++++ DATA RECORDS

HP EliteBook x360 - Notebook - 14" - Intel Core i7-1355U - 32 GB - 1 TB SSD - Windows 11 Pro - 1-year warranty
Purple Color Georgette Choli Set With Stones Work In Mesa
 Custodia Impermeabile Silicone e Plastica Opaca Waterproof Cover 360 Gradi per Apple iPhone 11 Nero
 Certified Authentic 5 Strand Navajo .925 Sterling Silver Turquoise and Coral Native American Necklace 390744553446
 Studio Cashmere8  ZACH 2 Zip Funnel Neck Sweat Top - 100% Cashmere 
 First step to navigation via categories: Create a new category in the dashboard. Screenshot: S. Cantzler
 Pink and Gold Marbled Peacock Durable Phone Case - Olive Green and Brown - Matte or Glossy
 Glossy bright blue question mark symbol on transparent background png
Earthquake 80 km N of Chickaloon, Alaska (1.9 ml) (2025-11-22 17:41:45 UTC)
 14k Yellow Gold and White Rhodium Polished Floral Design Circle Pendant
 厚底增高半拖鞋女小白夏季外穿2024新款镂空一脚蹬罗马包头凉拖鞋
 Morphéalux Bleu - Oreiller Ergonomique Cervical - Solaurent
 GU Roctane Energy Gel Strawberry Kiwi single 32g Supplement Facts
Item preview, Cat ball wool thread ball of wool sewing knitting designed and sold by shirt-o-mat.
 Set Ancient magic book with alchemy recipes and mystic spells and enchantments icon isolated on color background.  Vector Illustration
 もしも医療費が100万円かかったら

++++++++

# [TASK TO CARRY OUT]
For the word "Glossy", count how many lines of the entries contain it; give the number and nothing more.

# [WRITTEN SOLUTION]
2